Confieso que me maté.

Que sin saberlo y sin pensarlo dos veces, me precipité sobre unos brazos en modo de acantilados y caí ajena a lo que iba a venir.
Sin saber la sequía que supondría para mi cuerpo haber malgastado tantas lágrimas en algo que no valía la pena.

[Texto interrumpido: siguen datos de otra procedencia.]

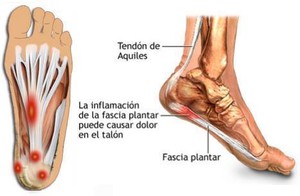 zonas de dolor de la fascia plantar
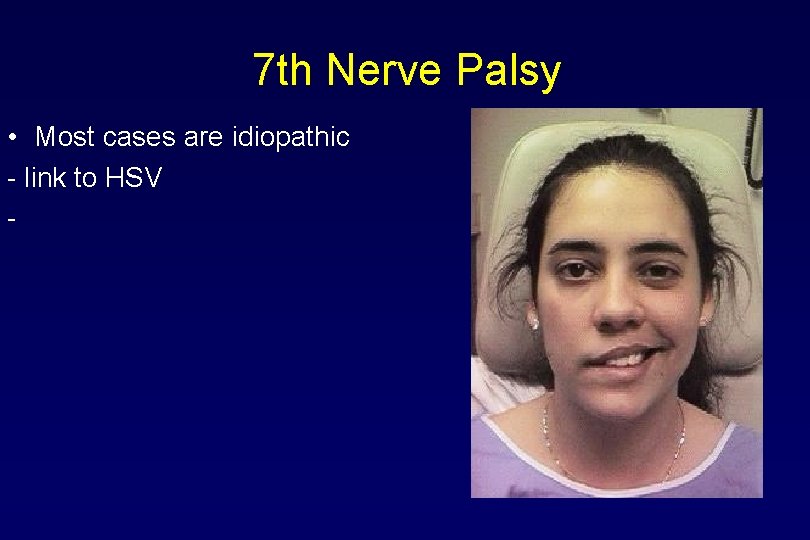 7 th Nerve Palsy • Most cases are idiopathic - link to HSV -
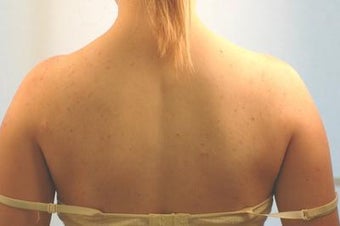 Laser Back Acne Treatment before 82961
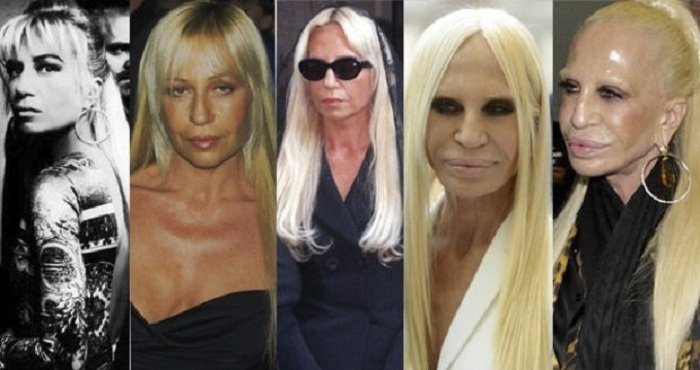  Донатела Версаче интервенции 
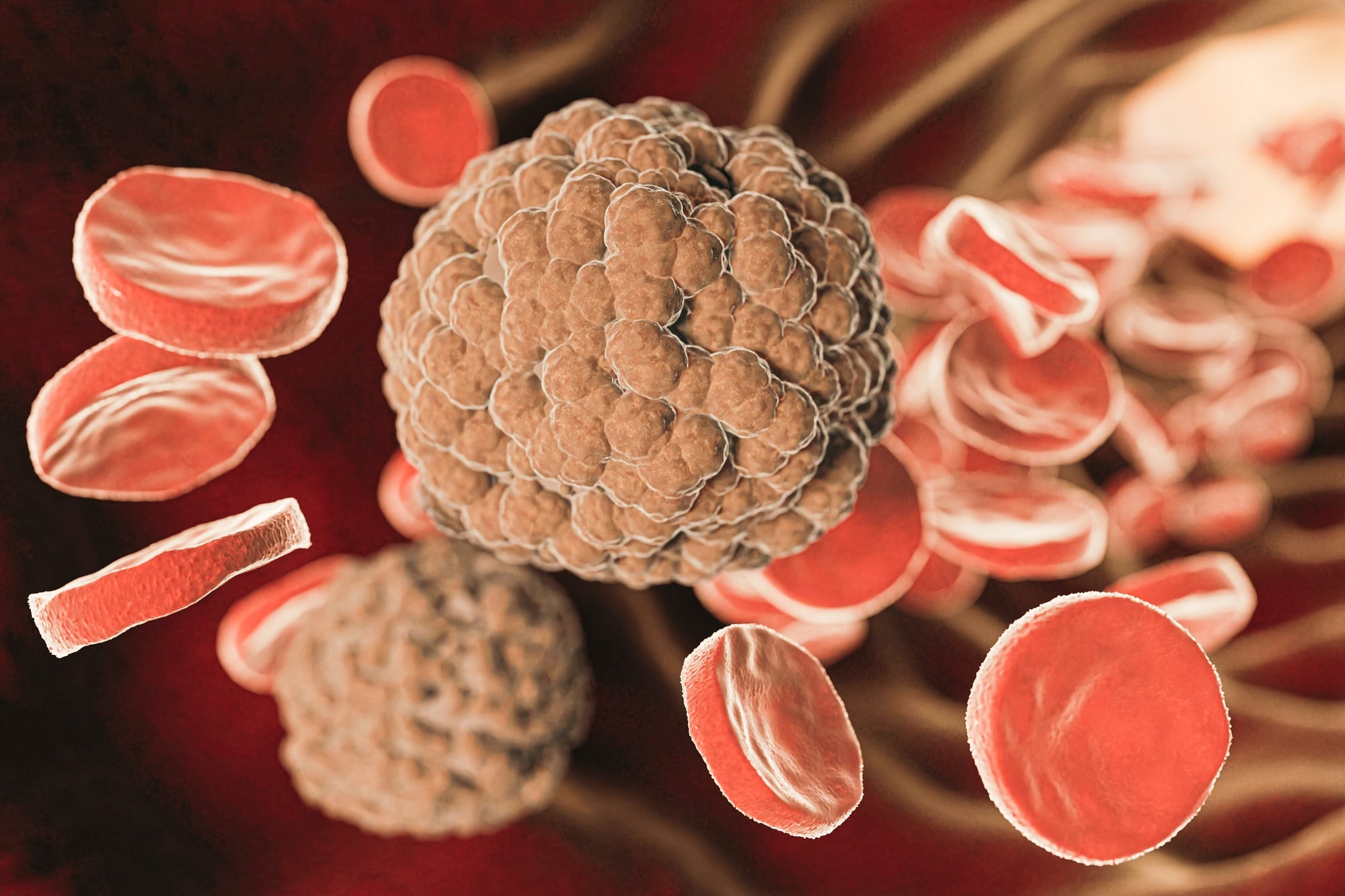 Стрептококк вириданс лечение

Se derritieron mis polos, mis océanos crecieron e inundaron mis ciudades. Mi capital estaba completamente devastada y yo me hallaba en la cocina. No reconocía mis calles, ahora inundadas por agua salada, por frustraciones derramadas y vestidos sucios.
Me suicidé como se suicidan los que quieren seguir viviendo, pero de otra manera. Sí, me suicidé. Me arrodillé intentando salir de la pesadilla en la que me habías sumido.

Tu conciencia estaba tranquila aun a sabiendas de que habías acabado conmigo. No disparaste. Tampoco te hizo falta. Tus hechos lo hicieron. Me dispararon ellos.
Los celos. La desconfianza. Tus manos en mi cuello. Y todo lo que hacías con la luz apagada inundado en alcohol. Me suicidé por no salir de ti, por quedarme, por convertirlo en obligación. Me maté, me asesiné, me suicidé, acabé conmigo.

Un segundo antes de vaciar todo el aire de mis pulmones, ese instante en el que pataleaba presa del miedo y de la histeria, en ese preciso momento en el que tus manos apretaban más y más mi cuello como si la vida te fuese en ello… Justo ahí, me di cuenta de que no era verdad. Yo no me maté. Yo era feliz. Yo era una chica normal. Con sueños. Con inquietudes. Con ganas de comerme el mundo, cuando, en realidad, era el mundo el que me comía a mí. Eran tus manos quienes acababan conmigo. Era tu cerebro enfermo quien me asesinaba. Era tu locura machista quien acababa con esa vida que me quedaba.

Me has arrebatado del mundo, de mi familia, de la vida con la que soñaba.
Me has matado y no entiendo cómo esto sigue pasando.
Solo quiero que sepas que tú no eres mejor que yo ni que nadie.